Independence.
Okay let me just put this out there in the eve of independence. Life is more than memorizing data to get the higher score. Yet, why does education insist that scores – grades – make the grade for success? Worse yet, legions of teachers across the nation buy into the system that believes success is certainly determined by the best score, the best rank, the best nod of someone’s head that passes that mark that someone is looking for. I associate such collaboration the number one reason why we have so many teachers, and not so many EDUCATORS.
Thinking out of the box, critical thinking, what actually is applied outside of the four walls where individuals are initially a foundation of learning. Luckily, there are even more individuals that but into something more than dittos, more than lectures, but to the doing part.
I say all this as a shout out to some pretty amazing individuals that served me in the capacity of an educator, both as a student and later as colleagues that surrounded me that encouraged me to never, ever, settle for the what the masses are content to settle for in education. Truly, if educators settle for the common idea of what education is, then those educators certainly revert to being teachers, and oh yes, there is such a difference.
In presenting and introducing a Critical Thinking Class this summer, all of a sudden, by matching students with their dreams and what they want to be, and matching them with members of a community in that profession, in two classes (TWO) we have over 36 students that are now examining their immediate communities and discovering needs, solutions, problems, and creative approaches to addressing needs here in our home state. Two classes and this has happened.
Two classes and they have discovered what Jane Goodall’s Institute did to change the approach to changing communities around themselves as women. Two classes and they have discovered elevator pitches that look past what color, race, income level, or position an individual has and to focus on the idea, and presenting ideas in a totally different light. Two classes and students have discovered the reality of life lessons in job choices, income and rent availability, and having to make tough choices that determine if they make it through one month of a budget line well below the average individual struggling to barely make it week to week.

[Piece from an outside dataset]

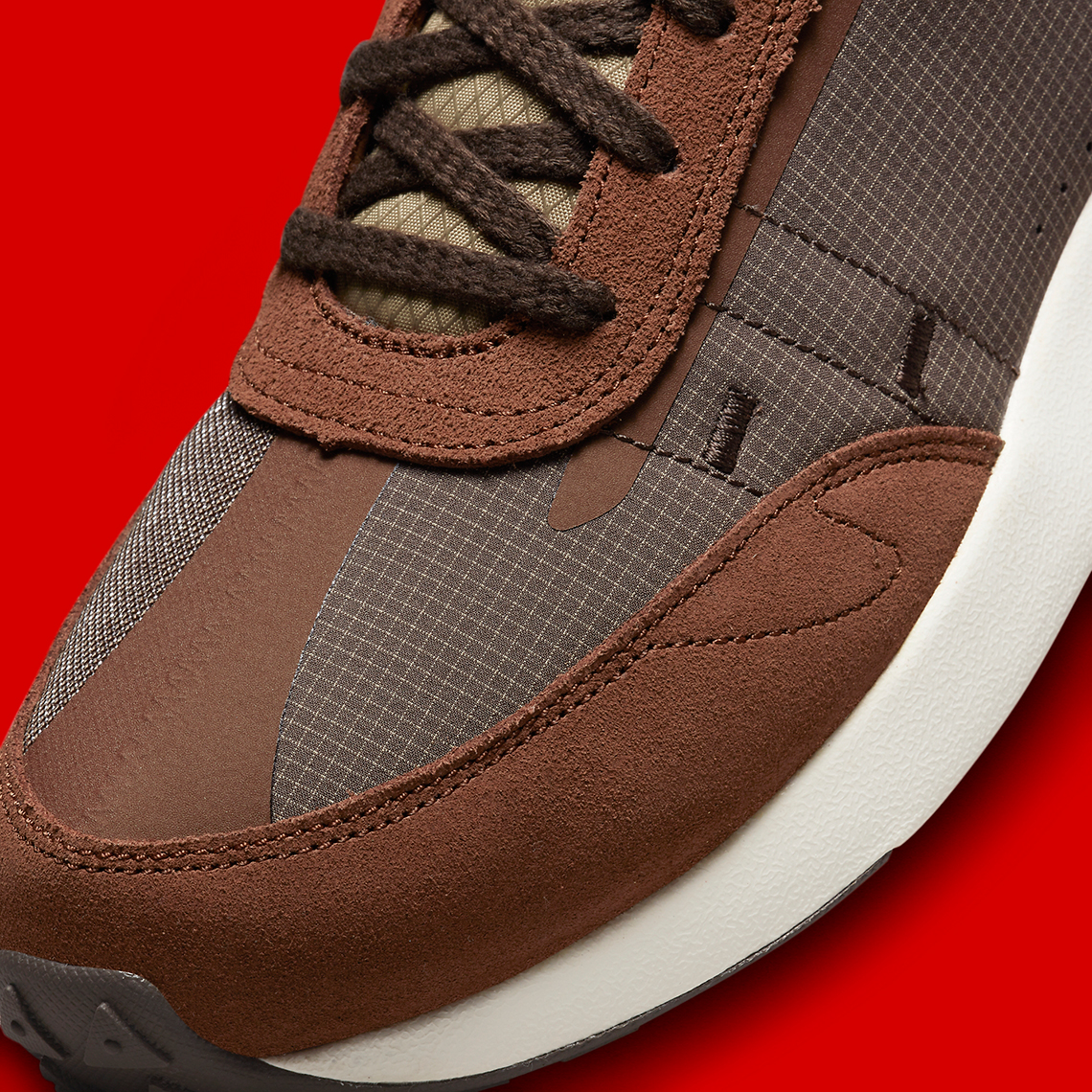 Hình ảnh mới nhất của Jordan Granville Pro SP Dark Chocolate - 7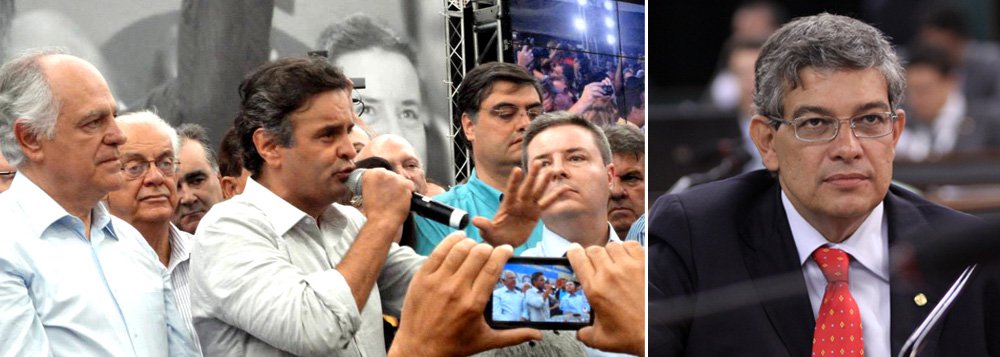 Presidenciável do PSDB é levado a agir como chefe político regional; em Minas, com o pré-candidato Pimenta da Veiga cercado por dificuldades, ampliadas por indiciamento em inquérito da Polícia Federal, ex-governador indica nome de deputado Marcus Pestana para a sucessão de Alberto Pinto Coelho; presidente do PSDB mineiro, Pestana foi secretário da Saúde e seu nome deve ser oficializado nos próximos dias (Foto: Felipe L. Goncalves) Presidenciável do PSDB é levado a agir como chefe político regional; em Minas, com o pré-candidato Pimenta da Veiga cercado por dificuldades, ampliadas por indiciamento em inquérito da Polícia Federal, ex-governador indica nome de deputado Marcus Pestana para a sucessão de Alberto Pinto Coelho; presidente do PSDB mineiro, Pestana foi secretário da Saúde e seu nome deve ser oficializado nos próximos dias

Two classes and students begin to realize the power to change the communities around them depends on the energy they have to find a way, any way, to make their creative ideas infiltrate the emphasis on scores and tests and find their way to changing their communities amid so much negativity.
After two classes with students who previously have felt suppressed by what they have seen on paper via scores, students are reinvigorated by someone realizing what they can offer society based on their talents, something that will never be able to be gauged by tests, scores, or median lines of achievement. Students are starting to recognize the abilities that contain and realize the frustration with teachers that refuse to let them bring those very qualities to light and apply them to the lessons they are presented.
It is going to be amazing to see the number of community leaders a small handful of students have communicated with in one summer and the ideas they will present to change so many aspects of our community for the better. Imagine this happening all year!
Yet it all takes one of the largest gifts many teachers are unable, or prevented from giving students that will allow them to be educators.
Independence.
I relish the instructors that were truly educators to me and allowed me to infuse creativity in every single lesson or approach that was to be given to someone next in your classroom. These educators and luckily for me, my education at Slippery Rock University, made me feel guilty every minute if I would put my trusty in something that could not be acted upon in the real world. Major kudos to the teachers who counted the days until the last day of school handed me ditto after ditto,
and made me never, ever want to be just a teacher, but an educator. Certainly I believe in Karma and being lucky enough to have the privilege to become a Media Specialist Librarian, freed even more time to motivate, inspire, and challenge the norm of keeping education among four walls and taking this outside those four walls to really determine if education was happening.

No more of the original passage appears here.